Initial claims for PUA top 1 million in Nevada
Initial claims for unemployment insurance for the week ending Jan. 30 totaled 9,821, down 284 claims, or 2.8%, compared to the previous week’s total of 10,105 claims, according to finalized data from the Nevada Department of Employment, Training and Rehabilitation.
There have been 834,138 initial claims filed since the week ending March 14, 2020.
Continued claims, which represent the current number of insured unemployed workers filing weekly for unemployment insurance benefits, totaled 80,891, a decrease of 36 claims from the previous week’s total of 80,927. Continued claims have seen little change over the past six weeks.
Nevada’s Pandemic Emergency Unemployment Compensation program, which provides up to 13 weeks of benefits to individuals who have exhausted their regular unemployment benefits, saw 65,308 claims filed in the week, a decline of 3,820 claims from last week’s total of 69,128.
The passage of HR 133, Consolidated Appropriations Act 2021, updated the number of available benefit weeks for the PEUC program. Originally 13 weeks, starting the week ending Jan. 2, claimants may be eligible for up to an additional 11 weeks of PEUC in certain circumstances.
Nevada’s State Extended Benefit program, which provides additional benefits to individuals who have exhausted both their regular and PEUC program benefits, saw 66,066 claims filed in the week, an increase of 6,285 claims from a week ago. New guidance from the Department of Labor might require DETR to change the sequence of applying and paying out SEB benefits.
The insured unemployment rate for the regular UI program, which is the ratio of regular continued claims in a week to the total number of jobs covered by the unemployment insurance system, was 6.1%, unchanged from the previous week’s rate. Including claimants in the benefit extension programs, the rate, more appropriately called the extended insured unemployment rate, was 16.0%. It should be noted that the calculation of the insured unemployment rate is different from that of the state’s total unemployment rate.
The Pandemic Unemployment Assistance program, which provides benefits for self-employed, 1099 contract workers and gig workers, saw 70,368 initial claims filed in the week ending Jan. 30, a decline of 41,294 claims, or 37.0%, from last week’s total of 111,662. Initial applications for the PUA program continue to be highly variable due to ongoing high levels of fraudulent applications. Through the week ending Jan. 30, there have been 1,032,652 PUA initial claims filed.
There were 118,708 PUA continued claims filed in the week ending Jan. 30, an increase of 22,619 claims, or 23.5%, from the previous week’s revised total of 96,089. This is the highest number of continued claims for the PUA program since early September. Following the passage of HR 133, additional weeks of benefits were made available to PUA claimants, which might explain the increase in continued claims.

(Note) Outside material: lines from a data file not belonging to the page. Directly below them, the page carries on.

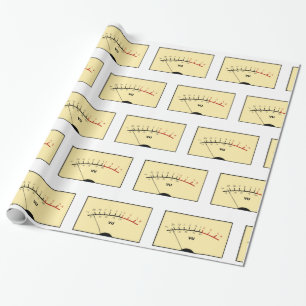 Papier Cadeau VU-mètre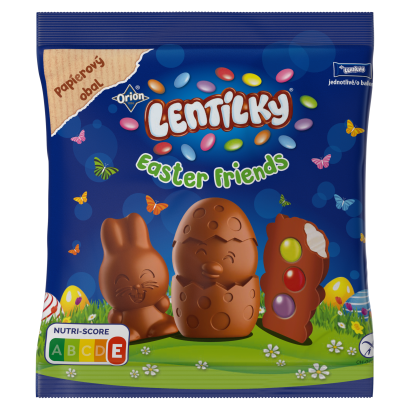 LENTILKY VESELÍ VELIKONOČNÍ KAMARÁDI 65 g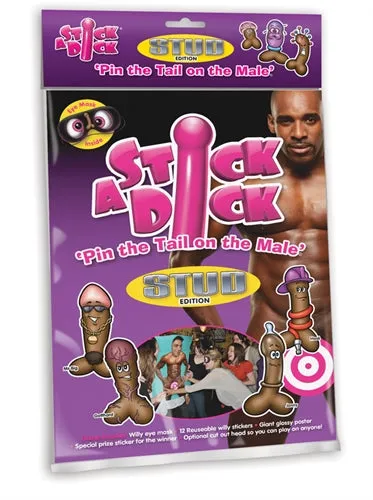 Stick a Dick Stud Edition Party Game Intimate Play Couples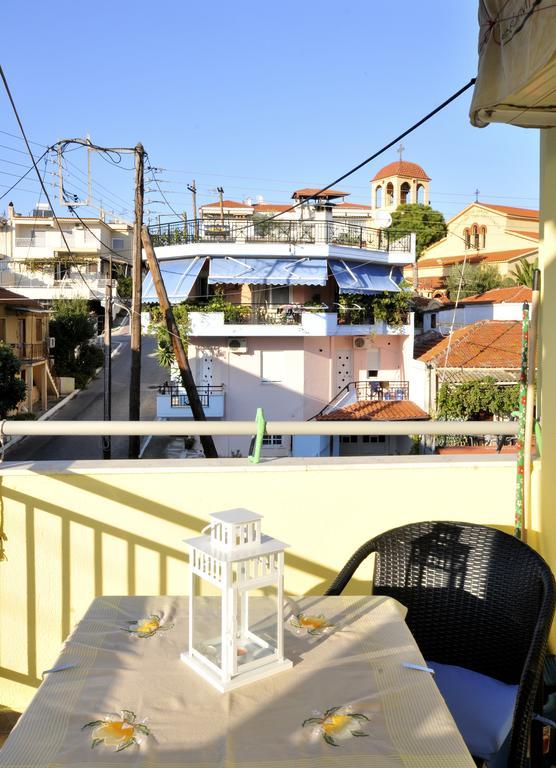 House Stella Tasos Apartment Sarti Bagian luar foto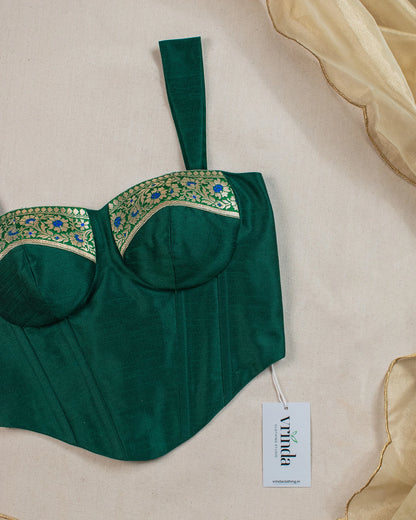 Srilaja Corset Blouse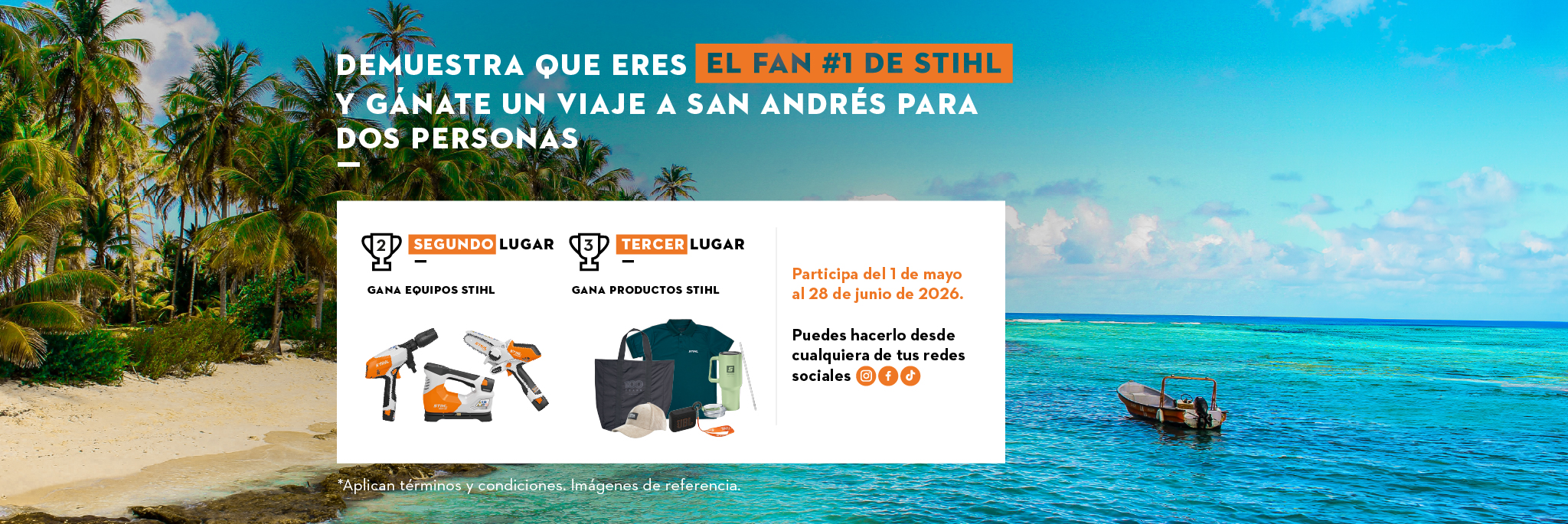 fan award stihl colombia
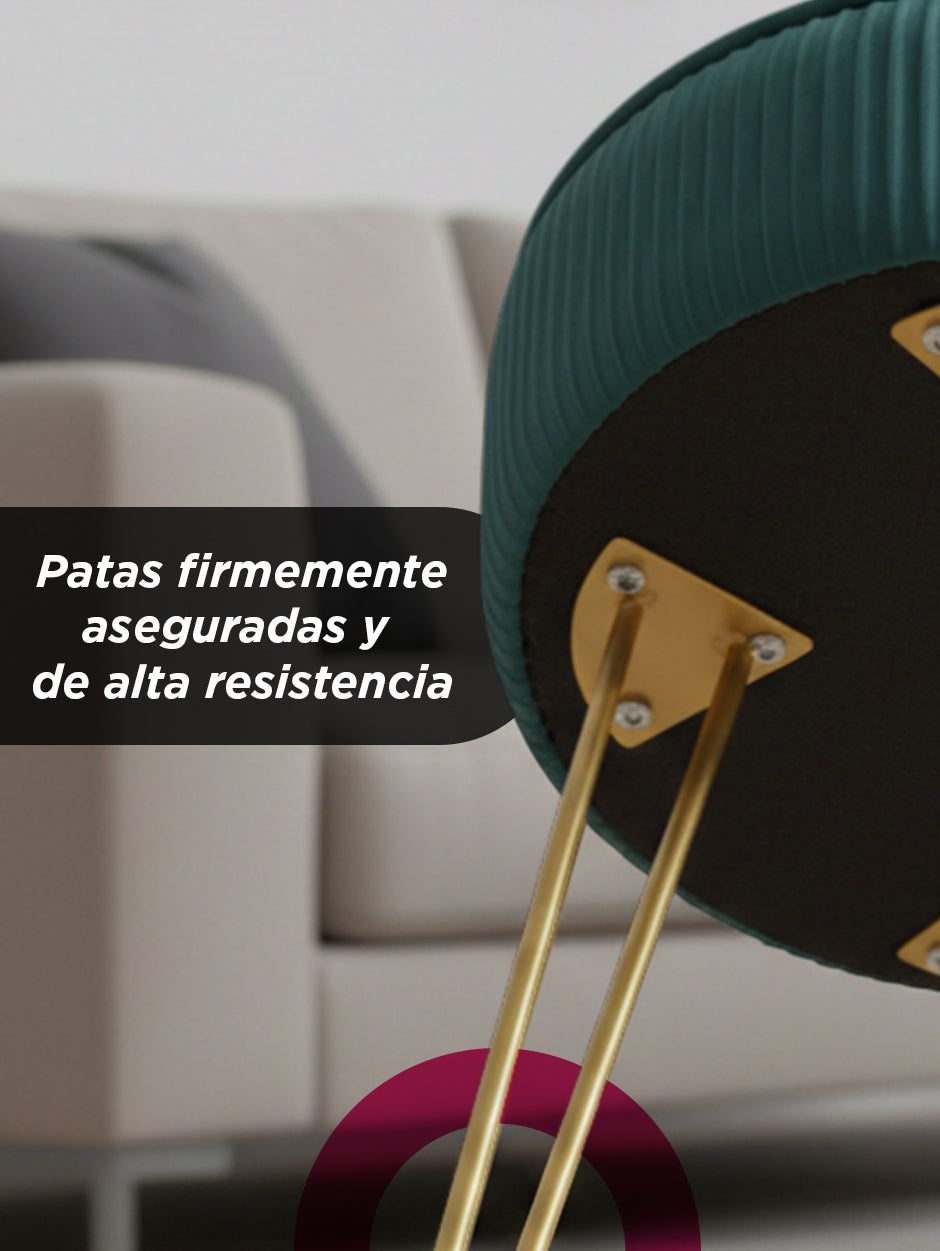 Banco De Hogar Spa Belleza Yuna Verde.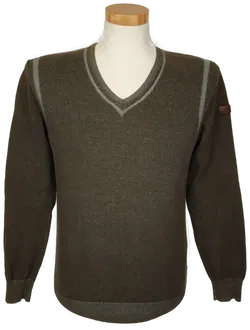 Armani Herren Pullover grün Gr. M - Bild 1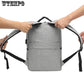 Backpack Student School Bag Fashion Backpack Summer Travel Backpack Canvas Male Middle School Student School Bag Large-capacity Backpack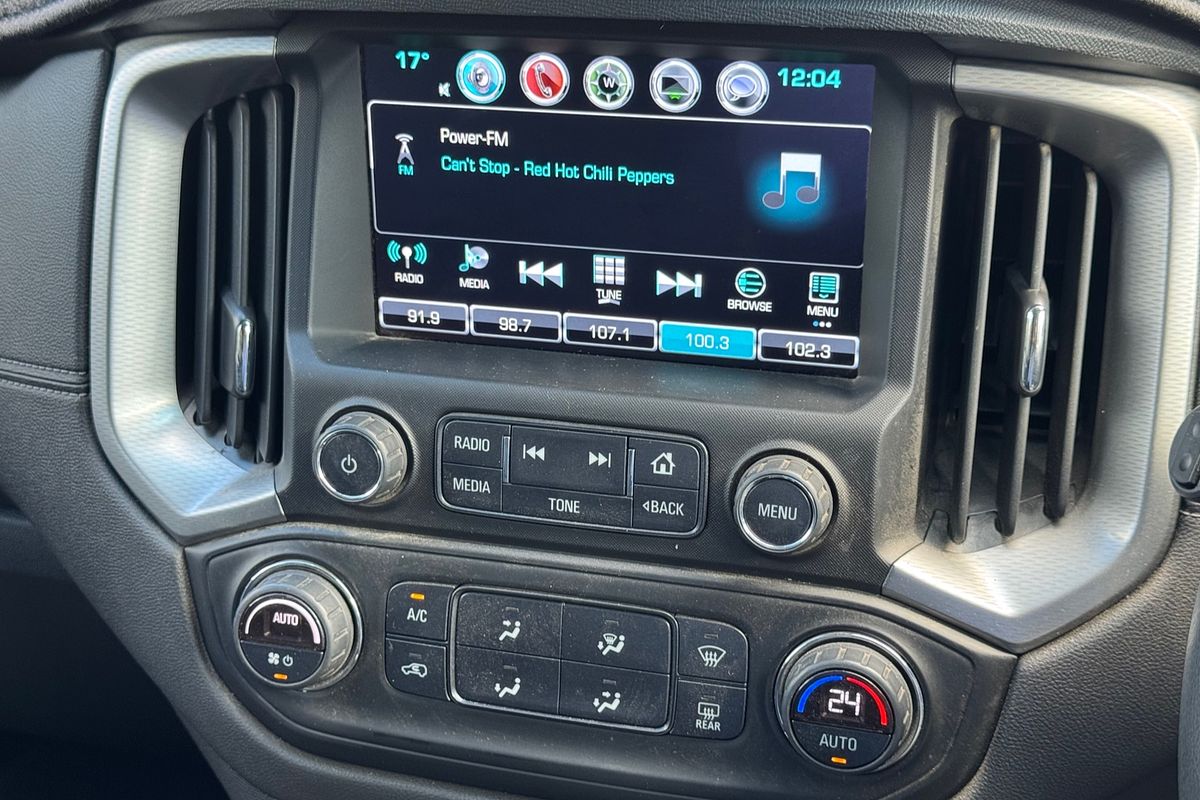 2019 Holden Trailblazer Storm RG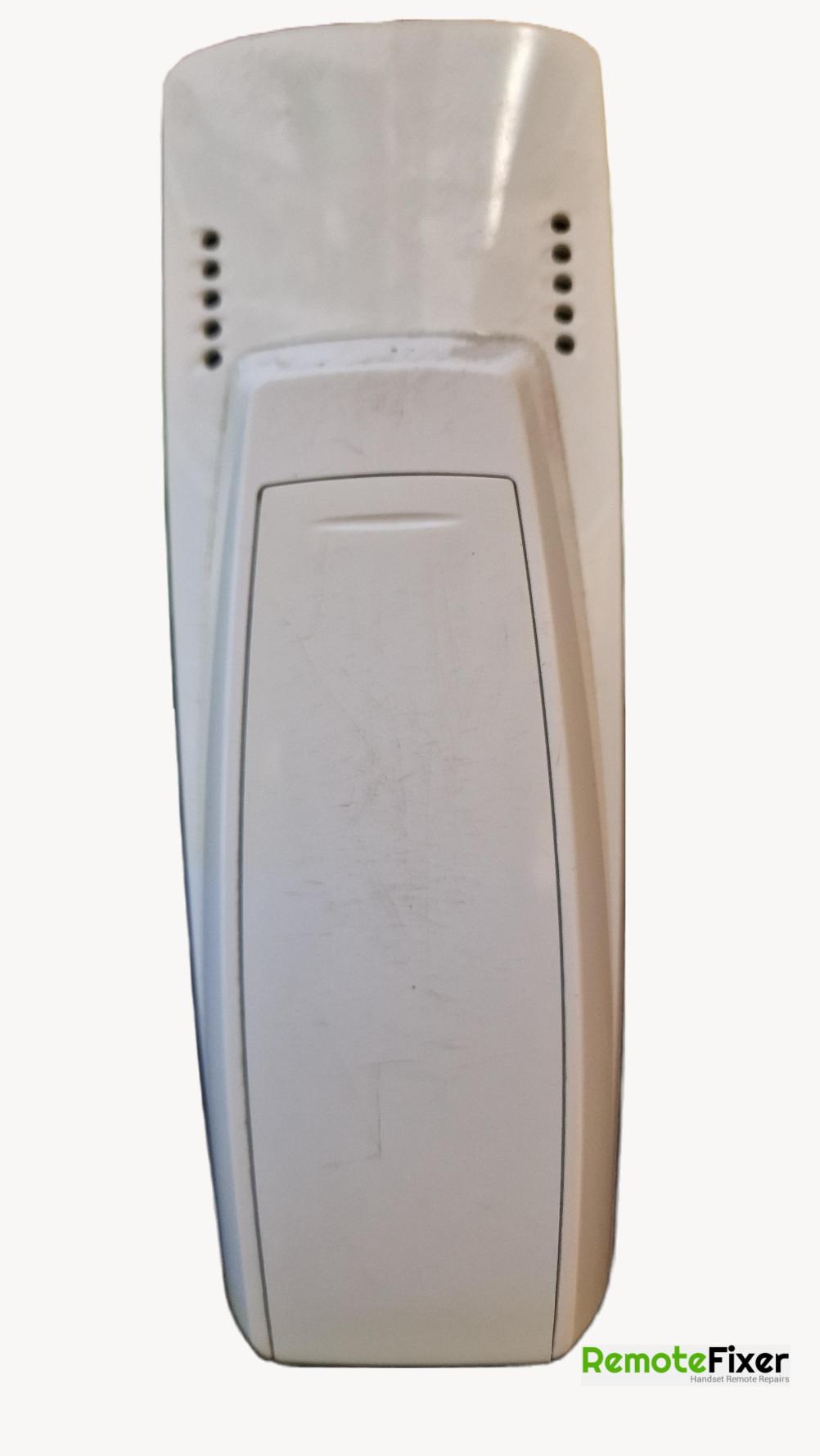 Glow Worm Remote Control - Back Image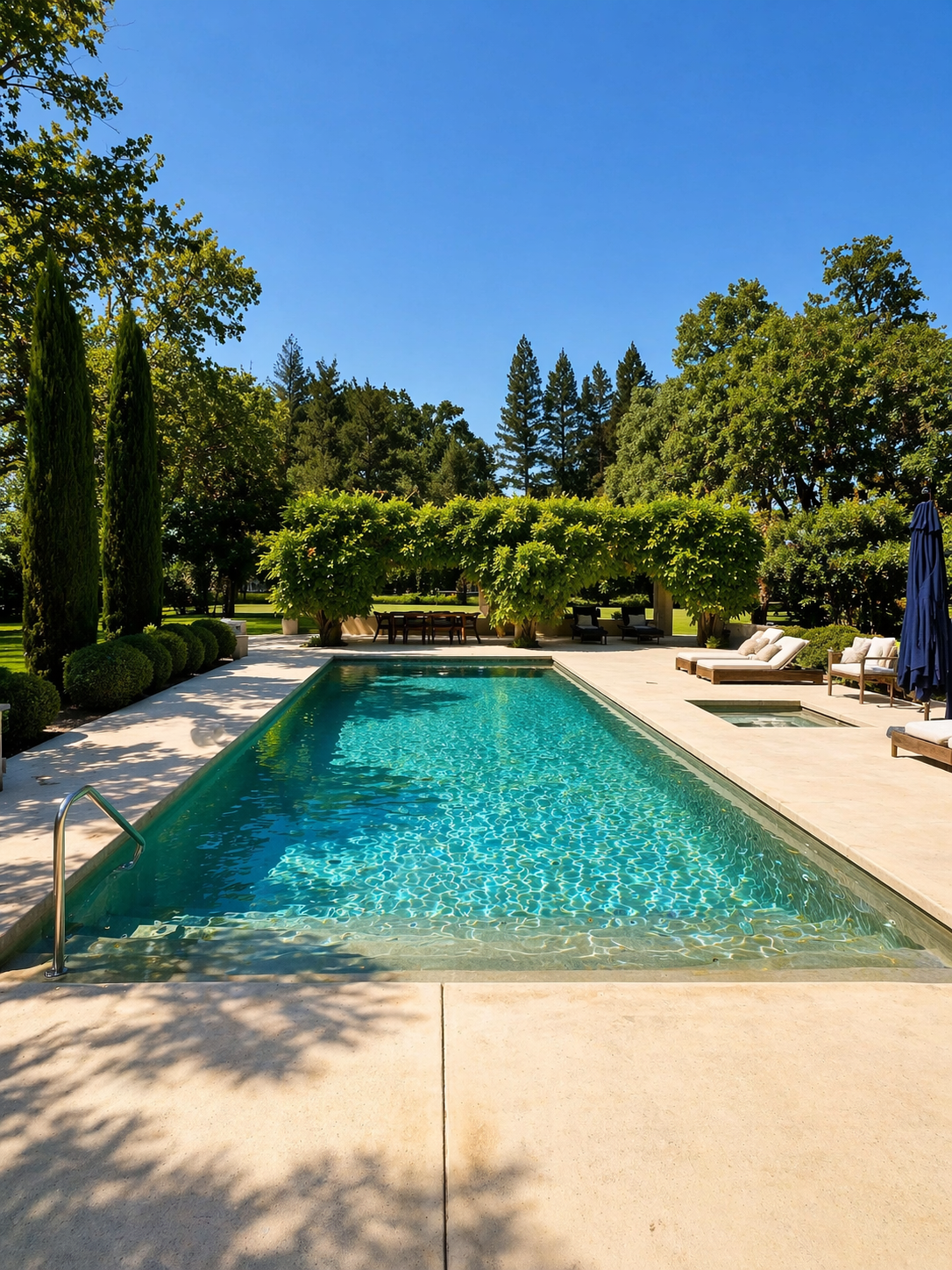 Luxury backyard oasis with pool.png
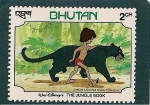 Stamps Bhutan -  El Libro de la Selva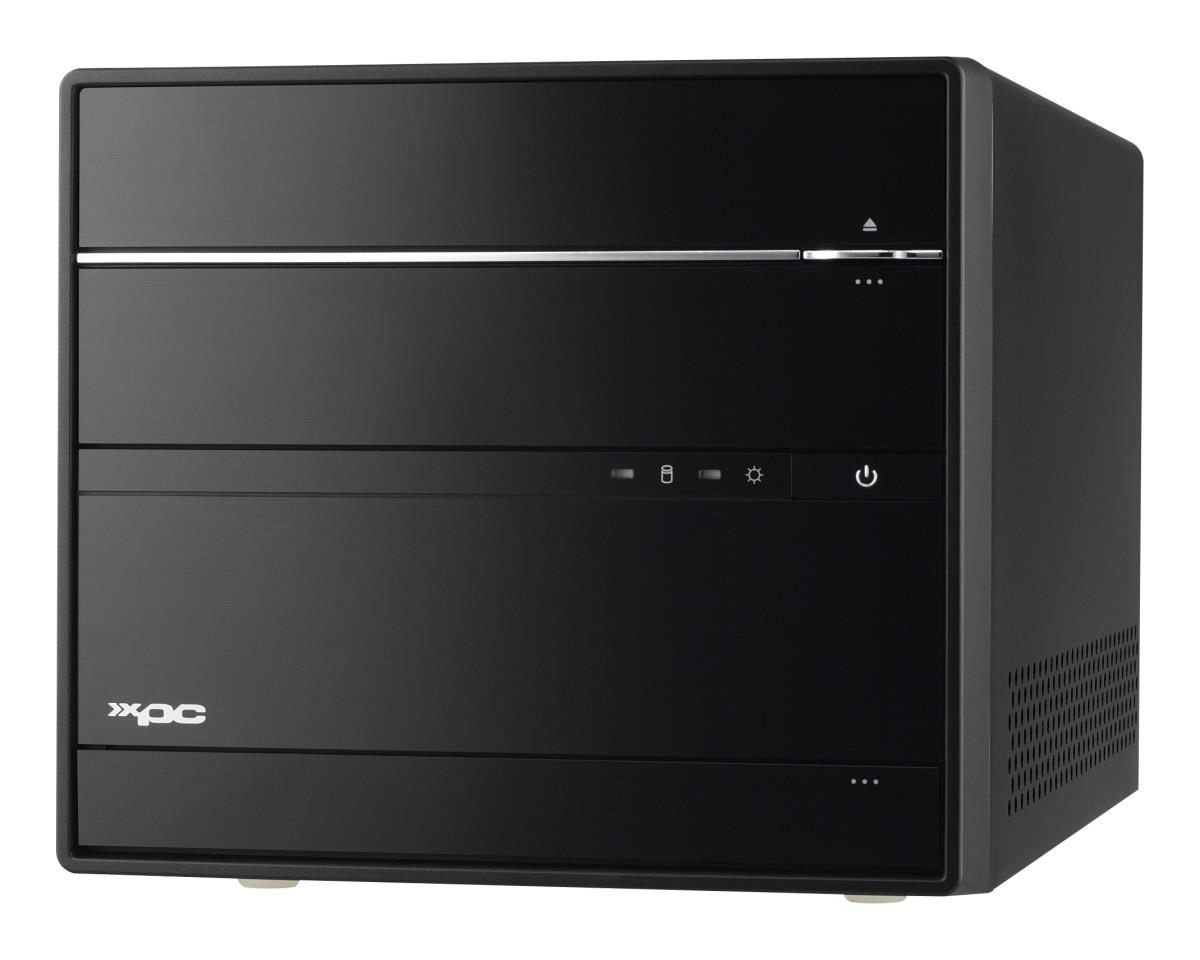 XPC cube Barebone SH570R6 Plus - S1200 Intel H570 1x Pci-e X16 1x Pci-e X4 2x M.2 2xDP 1xHDMI
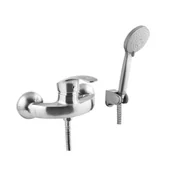 Baterie wannowe i prysznicowe - Invena Nea BN-83-001-W - miniaturka - grafika 1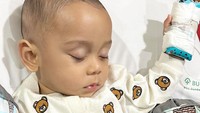 Fatih Anak Lesti dan Billar Operasi Hernia, Netizen: Cepat Sembuh Abang L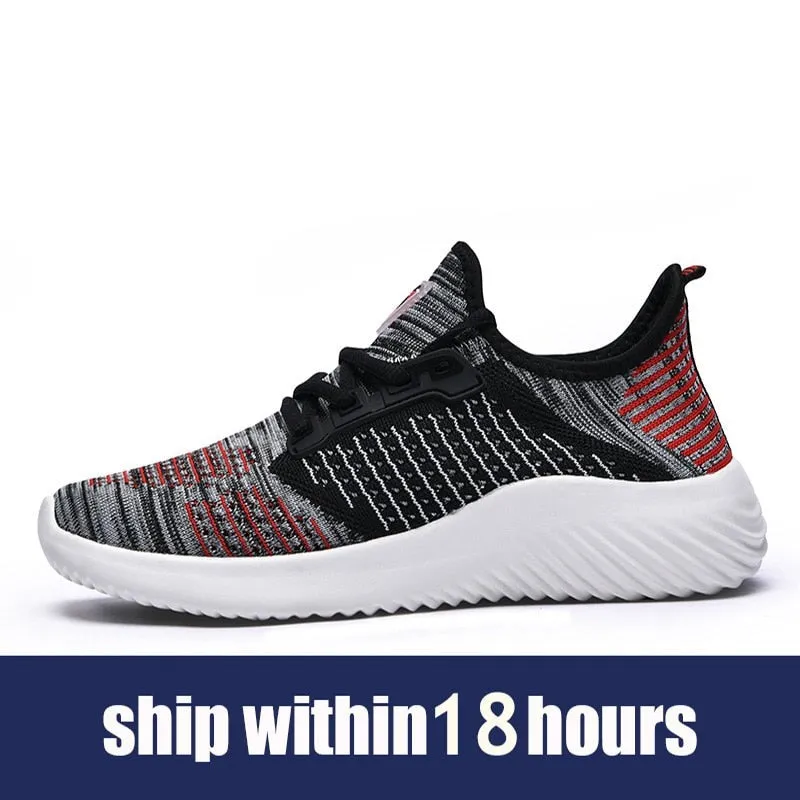 Hnzxzm Hot Sale Casual Shoes Men's Comfortable Breathable Cushioning Sports Shoes 47 Large Size Tennis Trainer Brand Sneakers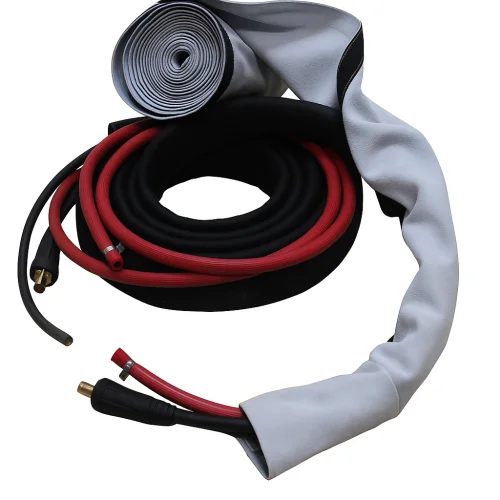 Рукав защитный для горелки (Спилковый) 4 м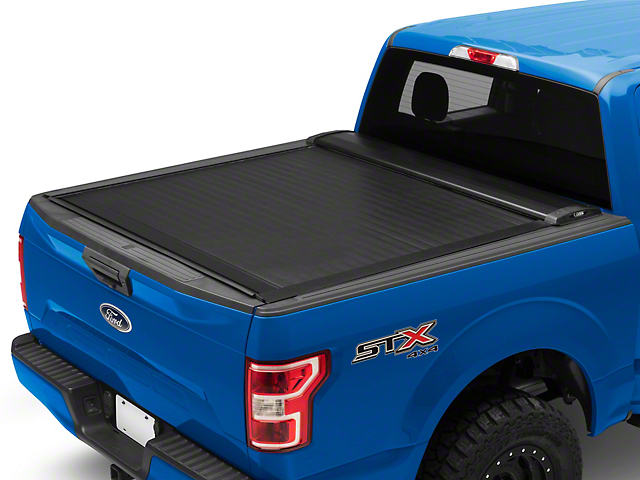 Pace Edwards SwitchBlade Retractable Bed Cover; Matte Black (15-20 F-150)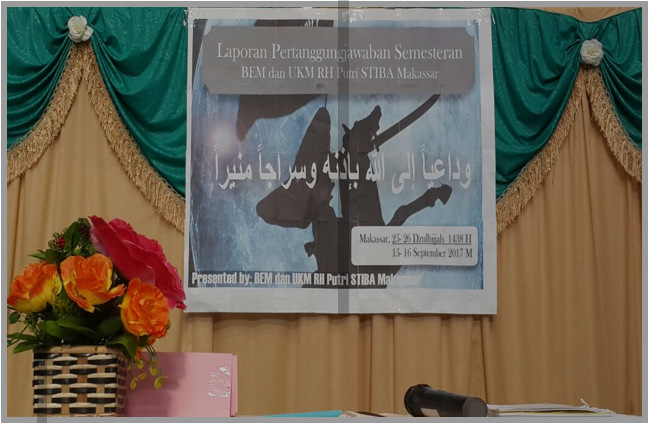 Evaluasi Program Kerja, BEM dan Raudhatul Huffazh Putri Adakan LPjS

Job growth returned in January, but few added
U.S employers added just 49,000 jobs in January, a sign that that the viral pandemic retains a tight grip on the economy nearly a year after it triggered a painful recession.
The increase followed a decline of 227,000 jobs in December, the first loss since April. The unemployment rate for January fell sharply from 6.7% to 6.3%, the Labor Department said Friday. About half the drop occurred because some of those out of work found jobs, while others stopped looking for work and were no longer counted as unemployed.
Friday's figures reflect a faltering job market, slowed by a viral pandemic that is still causing consumers to avoid traveling, shopping, dining out, attending entertainment venues and engaging in other forms of face-to-face contact. Nearly 10 million jobs remain lost to the pandemic.
Some states and localities re-imposed restrictions on businesses in December as cases spiked. Some of those restrictions were loosened in January, though perhaps not in time to affect the jobs report, which measures employment in the middle of each month.
The number of applications for unemployment benefits, though declining for the past few weeks, remained at an elevated 779,000 last week.
The damage to the job market since March has widened financial inequality in the United States, especially hurting women and people of color. At the same time, Americans who have kept their jobs have amassed $2.3 trillion in savings — double the pre-pandemic total. That enlarged pool of savings could fuel a rapid rebound in spending as business restrictions are lifted and more Americans become more confident about shopping, dining out and traveling.
Some hopeful signs have emerged. Auto sales rose solidly in January. A gauge of business growth in the service sector picked up to its highest level in two years. It also showed that services firms added workers last month. A separate measure of manufacturing indicated that factories are also expanding, as is spending on home construction.